II
Il va par les boulevards illuminés. Une rumeur étonnée accueille sa venue, une rumeur vénérante suit ses pas. Les «chienlits» se figent dans les bouches et la foule s'enfle autour de lui, chuchotante et solennelle. L'éphèbe, d'abord, se figure être ridicule. Il lui paraît que derrière son dos des ironies s'esclaffent. Par les trous visuels du masque, il examine. Et c'est un bonheur, ne plus heurter son regard au bandeau dont l'aspect navrant a jusqu'alors interrompu l'inspection de sa personne: à quoi bon se voir tout entier? cette tare déparerait la plus évidente perfection.
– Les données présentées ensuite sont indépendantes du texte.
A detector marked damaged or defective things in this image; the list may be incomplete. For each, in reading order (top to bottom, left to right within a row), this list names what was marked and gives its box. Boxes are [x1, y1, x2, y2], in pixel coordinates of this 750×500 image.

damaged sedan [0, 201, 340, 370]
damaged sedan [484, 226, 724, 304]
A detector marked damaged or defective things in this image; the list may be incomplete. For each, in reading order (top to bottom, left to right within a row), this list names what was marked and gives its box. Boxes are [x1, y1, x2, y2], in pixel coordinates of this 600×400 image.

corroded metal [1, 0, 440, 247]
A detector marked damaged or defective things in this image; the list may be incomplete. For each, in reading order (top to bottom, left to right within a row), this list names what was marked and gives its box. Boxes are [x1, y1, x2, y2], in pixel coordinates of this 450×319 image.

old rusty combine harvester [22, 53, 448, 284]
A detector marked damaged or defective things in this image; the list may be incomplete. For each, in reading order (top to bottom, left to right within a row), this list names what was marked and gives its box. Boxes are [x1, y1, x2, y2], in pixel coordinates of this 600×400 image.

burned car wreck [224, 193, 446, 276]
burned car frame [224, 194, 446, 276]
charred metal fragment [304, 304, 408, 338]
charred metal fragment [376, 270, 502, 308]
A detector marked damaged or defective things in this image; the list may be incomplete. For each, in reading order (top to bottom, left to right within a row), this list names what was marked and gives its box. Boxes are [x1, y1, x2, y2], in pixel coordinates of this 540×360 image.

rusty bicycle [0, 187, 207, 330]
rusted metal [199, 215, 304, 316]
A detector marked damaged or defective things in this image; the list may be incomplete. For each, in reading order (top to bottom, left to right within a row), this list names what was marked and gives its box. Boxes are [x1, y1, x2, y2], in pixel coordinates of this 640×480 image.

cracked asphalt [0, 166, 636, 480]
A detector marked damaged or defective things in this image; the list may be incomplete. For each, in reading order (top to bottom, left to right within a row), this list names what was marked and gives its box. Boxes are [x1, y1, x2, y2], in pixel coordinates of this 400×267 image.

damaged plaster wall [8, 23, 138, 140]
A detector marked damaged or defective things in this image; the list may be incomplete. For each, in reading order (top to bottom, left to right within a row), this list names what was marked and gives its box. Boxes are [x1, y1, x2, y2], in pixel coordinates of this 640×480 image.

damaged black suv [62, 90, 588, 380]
Maintenant, au contraire, il prend plaisir à cet examen: sa robe azurée, son surtout couleur de safran avec, partout, de gros oiseaux brodés en relief qui chatoyent aux mouvements de la marche, et, tout près, les bouts balancés d'une flasque moustache sous un nez très pâle. Pour la première fois, il perçoit en son être une harmonie et, aussi, le spectacle de la soie aux cassures flambantes le ravit.
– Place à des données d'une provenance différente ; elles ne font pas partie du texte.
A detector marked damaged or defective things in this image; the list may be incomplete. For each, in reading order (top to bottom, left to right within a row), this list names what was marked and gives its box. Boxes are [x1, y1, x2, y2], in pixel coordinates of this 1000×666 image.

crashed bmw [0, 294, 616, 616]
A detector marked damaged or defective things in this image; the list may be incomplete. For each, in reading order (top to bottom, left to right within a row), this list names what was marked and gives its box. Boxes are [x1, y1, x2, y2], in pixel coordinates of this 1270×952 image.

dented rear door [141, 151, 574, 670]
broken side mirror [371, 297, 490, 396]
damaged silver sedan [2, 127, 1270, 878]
—C'est probablement le prince de Galles.
Des grisettes le dévisagent. On l'admire, sans restriction. Enfin on ne fixe plus sur sa face ces regards commisérants qui lui étaient si lourds à supporter. Il marche heureux, humant l'air très pur. Et subitement, un arrêt: une multitude grouillante et noire piquée par les splendeurs des déguisements; tout en haut la bâtisse de l'Opéra aux baies enjaunies de lumières où des ombres se heurtent; sur le faîte, l'Apollon verdi par un feu de Bengale.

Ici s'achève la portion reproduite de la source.